A common scenario in ensemble docking: you dock one compound against N different receptor conformations and get N poses, each a separate graph. You want to make one prediction per compound, not one per pose.

This is a natural fit for Multiple Instance Learning (MIL). The trick with DGL:

def predict_bag(model, bag_of_graphs):
    # Stack all N pose-graphs into one batched graph
    bg = dgl.batch(bag_of_graphs)
    feats = bg.ndata['feat']

    # Run GNN — poses stay disconnected (no cross-pose edges)
    h = model.encode(bg, feats)          # node embeddings

    with bg.local_scope():
        bg.ndata['h'] = h
        pose_embeds = dgl.mean_nodes(bg, 'h')   # (N, h_dim) — one per pose

    # MIL aggregation over the bag
    bag_embed = pose_embeds.mean(0, keepdim=True)   # mean pooling
    return model.classify(bag_embed)

The key insight: dgl.batch() keeps the poses structurally independent (no edges cross between them), so the GNN respects the fact that each pose is a separate physical structure.
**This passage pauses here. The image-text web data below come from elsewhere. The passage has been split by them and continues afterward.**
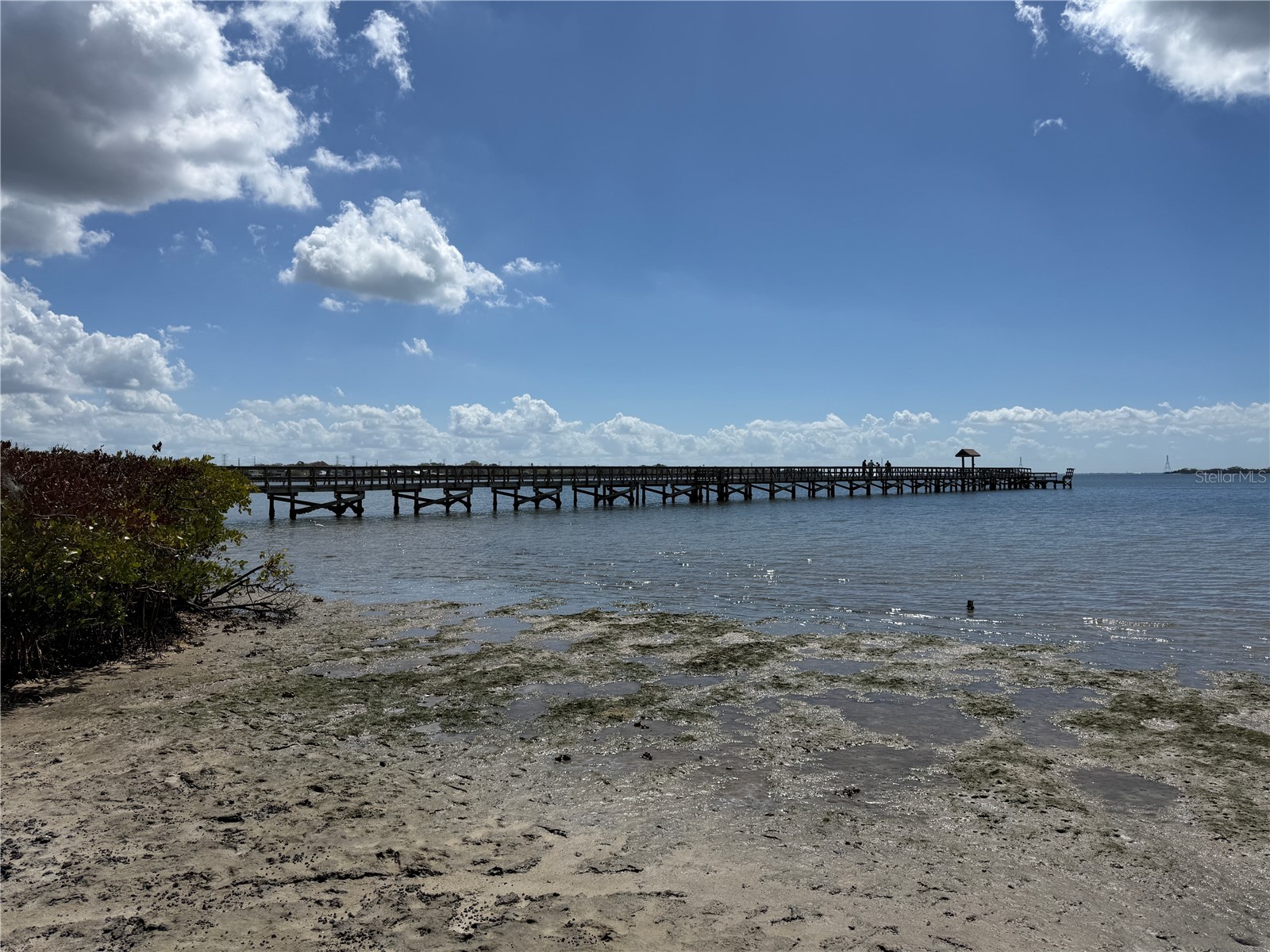 204 Bengal Circle Oldsmar FL 34677 O6388593 image33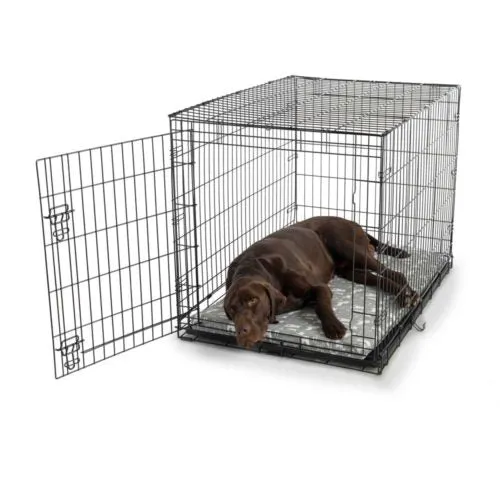 Fully-Washable Forgiveness Dog Crate Pad  Wag Collection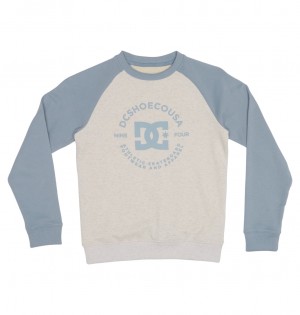 DC Star Pilot Kids' Sweatshirt White / Blue | US-7159IBF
The MIL aggregation then decides how to combine them for the final prediction.

For a more expressive aggregation, use attention MIL:

class AttentionMIL(nn.Module):
    def __init__(self, h_dim):
        super().__init__()
        self.attention = nn.Sequential(
            nn.Linear(h_dim, 64),
            nn.Tanh(),
            nn.Linear(64, 1)
        )

    def forward(self, pose_embeds):           # (N, h_dim)
        scores = self.attention(pose_embeds)  # (N, 1)
        weights = torch.softmax(scores, dim=0)
        return (weights * pose_embeds).sum(0) # (h_dim,)

Attention MIL has a nice bonus: weights tells you which poses contributed most to the prediction, interpretable by design.


Which Chapters to Read First

If you’re using this post as a reading guide alongside the DGL User Guide:

Priority Chapter Why
⭐⭐⭐ Ch 1.2–1.5: Graphs, features, heterograph Core data structure
⭐⭐⭐ Ch 2.1–2.2: Message passing API The computation engine
⭐⭐⭐ Ch 5.4: Graph classification Your prediction task
⭐⭐ Ch 3: GNN modules Ready-to-use layers
⭐⭐ Ch 4: Data pipeline Dataset + caching
Ch 6–8: Stochastic / distributed / mixed precision Only if dataset is huge

Summary

DGL wraps the complexity of graph-structured computation behind a clean PyTorch API. For molecular applications, the workflow is:

  1. Build a DGLGraph for each complex: atoms as nodes, bonds/contacts as edges, features from your cheminformatics toolkit
  2. Choose a GNN layer: GATConv is a strong default
  3. Run message passing: each atom aggregates information from its neighbors
  4. Apply readout (dgl.mean_nodes) to get a fixed-size graph embedding
  5. Feed into a standard MLP classifier

The library handles batching, GPU transfer, and efficient sparse operations under the hood. Once you get the featurization right, the training code looks almost identical to a standard PyTorch image classifier.